By Melissa Donnelly, CPSU National Secretary

If the reporting of Mike Pezzullo’s messages is true – the Secretary of the Department of Home Affairs has some serious explaining to do, or rather, some resigning.

As Secretary of the Department of Home Affairs, the leaked messages to Liberal Party powerbroker Scott Briggs, fly in the face of the values all public servants are, or should be, held to.

Whether you’re a grad in the ATO, an APS 3 working in a Services Australia Smart Centre or the Secretary of a Department, the APS values apply.

You can read them in black in white on the Australian Public Service Commission's website:

Impartial. Committed to service. Accountable. Respectful. Ethical.

These values underpin the public service and are what gives the broader Australian population confidence in the fundamental functioning of their democracy.

For APS employees, these are not theoretical or obtuse.

In fact, over the last decade, APS managers have sought to regulate more and more of what employees do in their own time to assiduously protect the ‘apolitical’ nature of the public service.

Come federal election time, CPSU members have contacted the union for advice, because many employees feel it is safer to just delete your social media account than risk an over-eager manager analysing your posts.

Similarly, we have had an influx of questions and concerns from members across the APS regarding campaigning for and supporting a Yes vote in the Voice Referendum because they are worried that they’ll face disciplinary action for doing so.

It unfortunately goes further than this though, and perhaps this will help explain why APS employees are what would seem to the average person - excessively cautious.

We have had countless members who have been counselled to take down social media posts saying dogs should be allowed in cafes or trying to save a historic building from demolition —because they were ‘political’.

Members have been investigated and found in breach of the Code for ‘unauthorised outside employment’ for volunteering at charity organisations.

Members have been found to have ‘disobeyed a lawful and reasonable direction’ because their doctor didn’t list the medical condition they were sick with on their medical certificate.

Members have had to pay back carers’ leave, because when they were sitting by their spouse’s hospital bed because they weren’t ‘actively caring’ for them - the doctor was.

The leadership in the APS are not afraid to over zealously wave around the Code of Conduct. But, at times, there seems to be an issue when it comes to applying it to themselves.

Correct me if I’m wrong, but wheeling and dealing, interfering in leadership spills and internal political party machinations, and maintaining hitlists and wish lists wasn’t in that list APS values.

Impartial. Committed to service. Accountable. Respectful. Ethical.

Nope – not there.

That sort of behaviour, were someone to engage in it, would actually contravene nearly every single APS value.

I have not seen the alleged text messages, and the actions taken by the Minister for Home Affairs so far have been entirely appropriate given the situation.

But...

If those messages do exist and the reporting is true - Mike Pezzullo should have no future in the APS.

But it isn’t just Mike Pezzullo who has failed to possess the very values he ruthlessly expected his department to embody.

Kathryn Campbell, the former Department Secretary of Human Services, oversaw the weaponisation of the APS Code of Conduct to silence Centrelink workers who spoke up about the illegal Robodebt scheme.

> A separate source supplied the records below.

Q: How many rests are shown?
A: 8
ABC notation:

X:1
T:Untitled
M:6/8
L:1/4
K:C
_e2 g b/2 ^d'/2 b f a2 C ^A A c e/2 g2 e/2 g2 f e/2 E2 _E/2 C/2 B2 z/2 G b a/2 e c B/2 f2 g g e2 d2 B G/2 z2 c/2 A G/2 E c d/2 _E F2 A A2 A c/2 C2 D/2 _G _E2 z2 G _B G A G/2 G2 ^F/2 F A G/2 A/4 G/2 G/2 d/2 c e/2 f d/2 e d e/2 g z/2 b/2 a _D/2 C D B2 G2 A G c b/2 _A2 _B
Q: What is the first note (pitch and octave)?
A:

She was the key architect of the Robodebt program and its most fervent advocate in the public service. CPSU members called it out from the very beginning, and now have the backing of a Royal Commission saying that the scheme was both illegal and a walking violation of APS Values.

Robodebt was a program that, without question, served the government of the day, but failed to serve the Australian people. And that is the balancing act that public service and, critically, Department Heads, need to get right.

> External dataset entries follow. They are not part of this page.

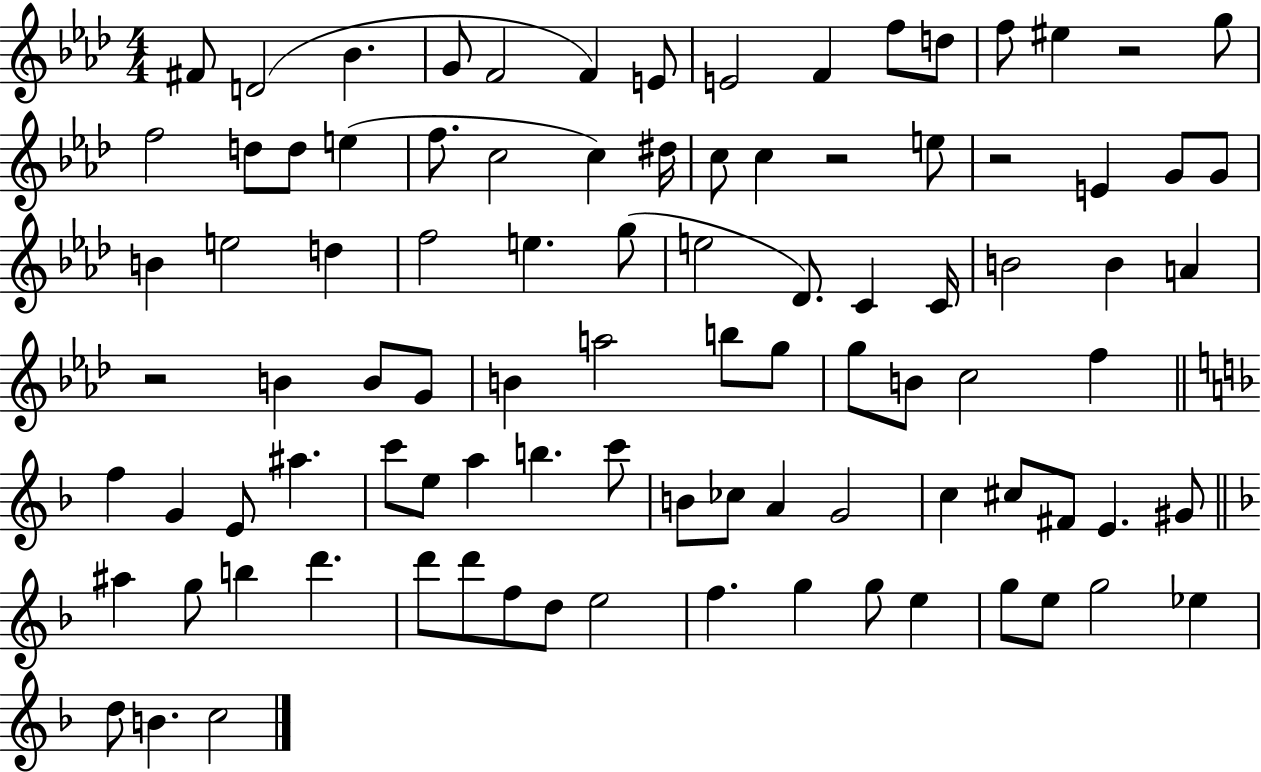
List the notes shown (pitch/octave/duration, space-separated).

F#4/e D4/h Bb4/q. G4/e F4/h F4/q E4/e E4/h F4/q F5/e D5/e F5/e EIS5/q R/h G5/e F5/h D5/e D5/e E5/q F5/e. C5/h C5/q D#5/s C5/e C5/q R/h E5/e R/h E4/q G4/e G4/e B4/q E5/h D5/q F5/h E5/q. G5/e E5/h Db4/e. C4/q C4/s B4/h B4/q A4/q R/h B4/q B4/e G4/e B4/q A5/h B5/e G5/e G5/e B4/e C5/h F5/q F5/q G4/q E4/e A#5/q. C6/e E5/e A5/q B5/q. C6/e B4/e CES5/e A4/q G4/h C5/q C#5/e F#4/e E4/q. G#4/e A#5/q G5/e B5/q D6/q. D6/e D6/e F5/e D5/e E5/h F5/q. G5/q G5/e E5/q G5/e E5/e G5/h Eb5/q D5/e B4/q. C5/h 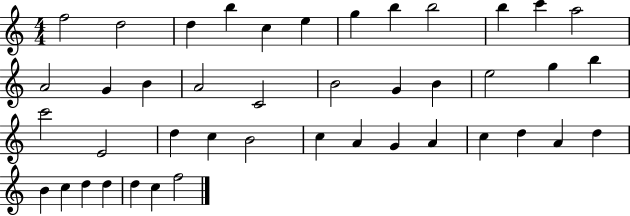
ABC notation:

X:1
T:Untitled
M:4/4
L:1/4
K:C
f2 d2 d b c e g b b2 b c' a2 A2 G B A2 C2 B2 G B e2 g b c'2 E2 d c B2 c A G A c d A d B c d d d c f2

The Public Service Act 1999 (PSA), says that the first object of the APS is: ‘to establish an apolitical public service that is efficient and effective in serving the Government, the Parliament and the Australian public’.

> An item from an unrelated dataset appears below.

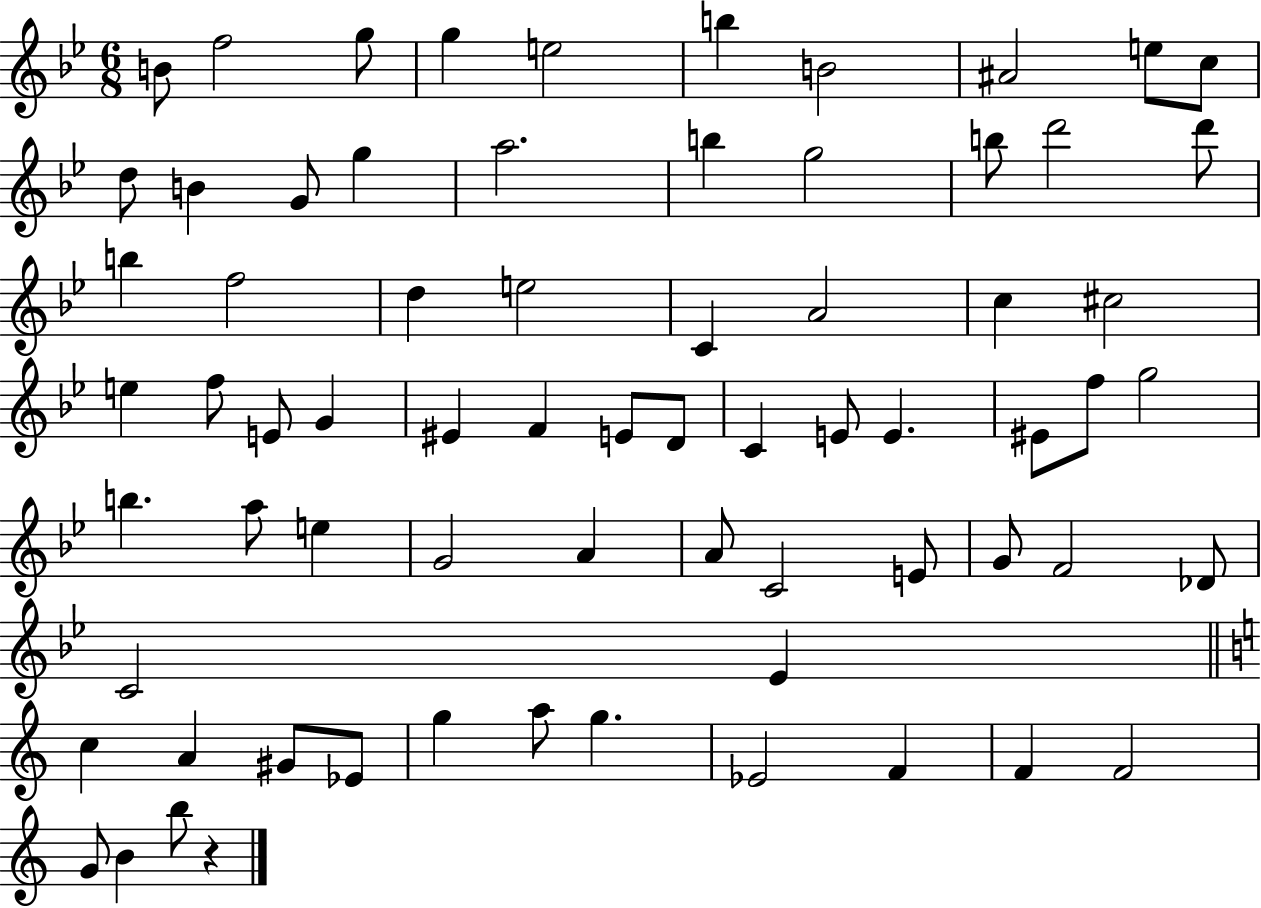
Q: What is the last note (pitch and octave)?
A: B5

It doesn’t say ‘or’ the Australian public.

Former Australian Public Service Commissioner, Andrew Podger, emphasised this point:

“The separation of politics from administration is not just a matter of avoiding ministerial patronage and the risks of nepotism and fraud... It also goes to efficient and effective management of government policies and programs, to the rule of law, protecting the public from the tyranny of the majority and ensuring impartial service delivery for all citizens.”

In ruthlessly targeting the Australian public, Kathryn Campbell was serving the government of the day and prosecuting its conservative ideological policies.

Other than himself and his own agenda, I’m not entirely sure who Mike Pezzullo was serving.

Neither have gone down without a fight, and that is worth examining. Because both Campbell and Pezzullo appear to have, for a decent amount of time, demonstrated an absurd sense of entitlement, holding the belief that they would pull through. A belief that they haven’t broken the rules, or perhaps of more concern, a belief that the rules don’t apply to them.

Freedoms that appear to come with seniority certainly aren’t being afforded to anyone else.

Not to the CPSU member who wanted to volunteer for a charity, or to the member who posted on social media about saving a building, or the member who wanted to take carer’s leave so they could sit with their loved one while they were in hospital.

The application of APS values is out of balance.

In the wise words of Bandit Heeler – the racquet needs to be re-strung. Bit of tightening up at the top, bit of loosening at the bottom.